Could you restate all of the records below exactly, with the pictures left out?

=== Section Start ===

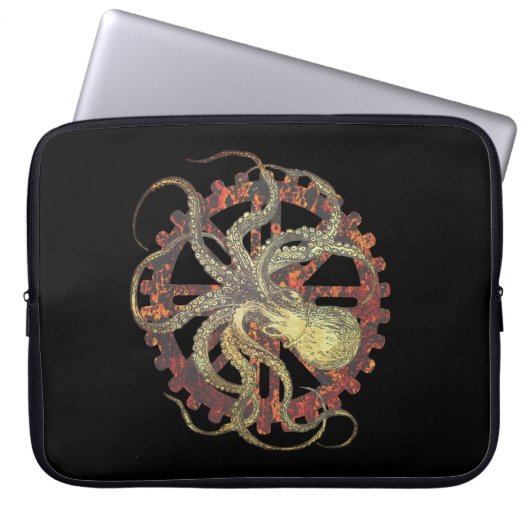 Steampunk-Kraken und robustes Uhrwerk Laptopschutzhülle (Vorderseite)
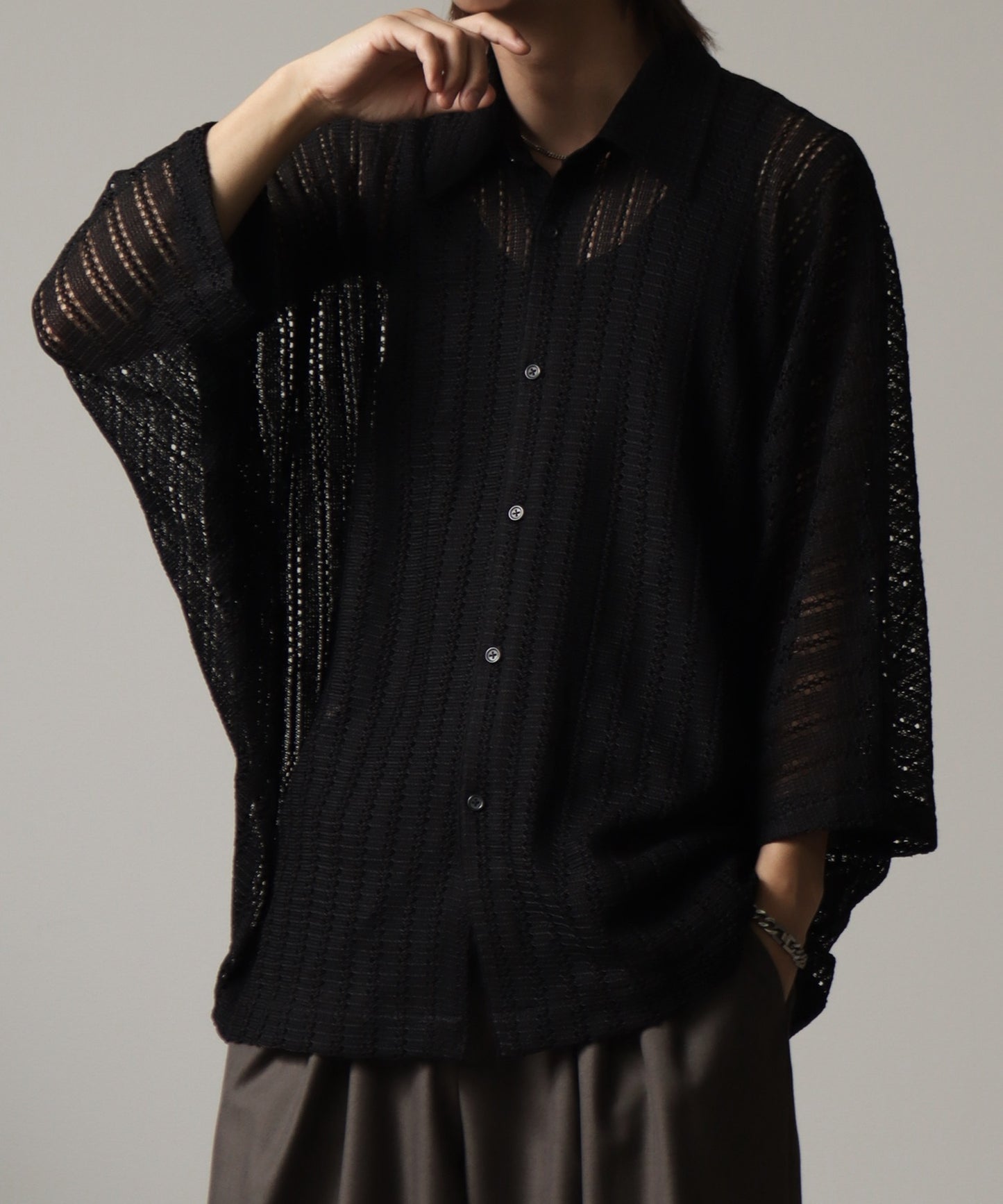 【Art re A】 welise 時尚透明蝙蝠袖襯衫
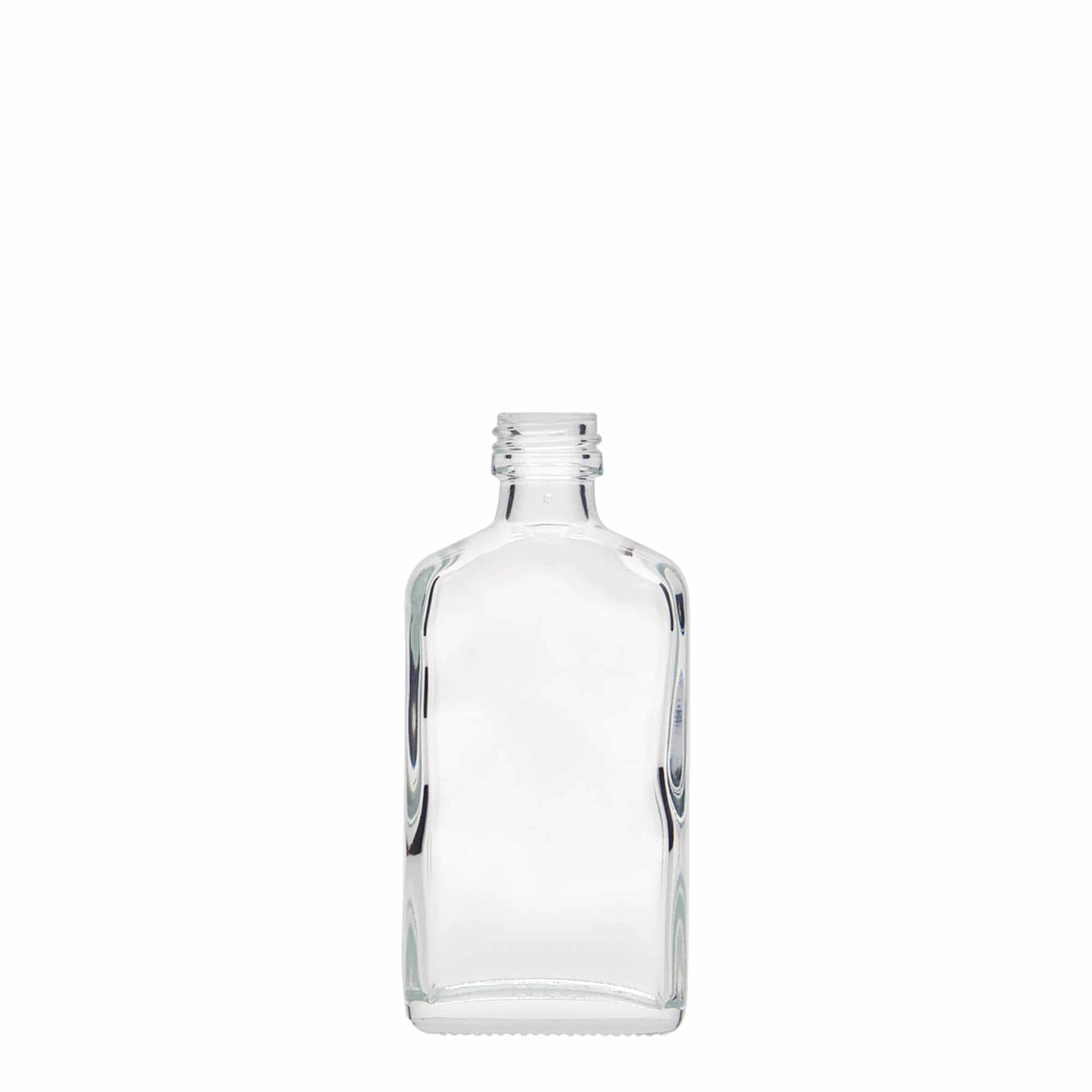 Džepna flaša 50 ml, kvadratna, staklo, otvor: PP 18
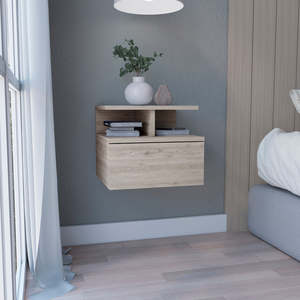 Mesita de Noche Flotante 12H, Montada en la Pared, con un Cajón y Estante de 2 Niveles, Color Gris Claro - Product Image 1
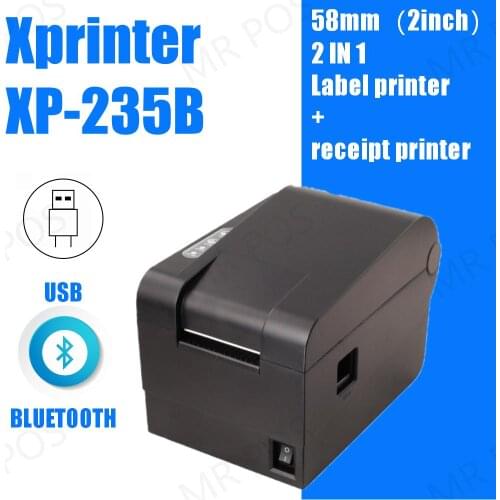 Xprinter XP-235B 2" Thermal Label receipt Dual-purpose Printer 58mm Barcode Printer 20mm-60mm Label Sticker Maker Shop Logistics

=== Section End ===

## Response
 Steampunk-Kraken und robustes Uhrwerk Laptopschutzhülle (Vorderseite)
 【Art re A】 welise 時尚透明蝙蝠袖襯衫
 Džepna flaša 50 ml, kvadratna, staklo, otvor: PP 18
 Mesita de Noche Flotante 12H, Montada en la Pared, con un Cajón y Estante de 2 Niveles, Color Gris Claro - Product Image 1
 Xprinter XP-235B 2" Thermal Label receipt Dual-purpose Printer 58mm Barcode Printer 20mm-60mm Label Sticker Maker Shop Logistics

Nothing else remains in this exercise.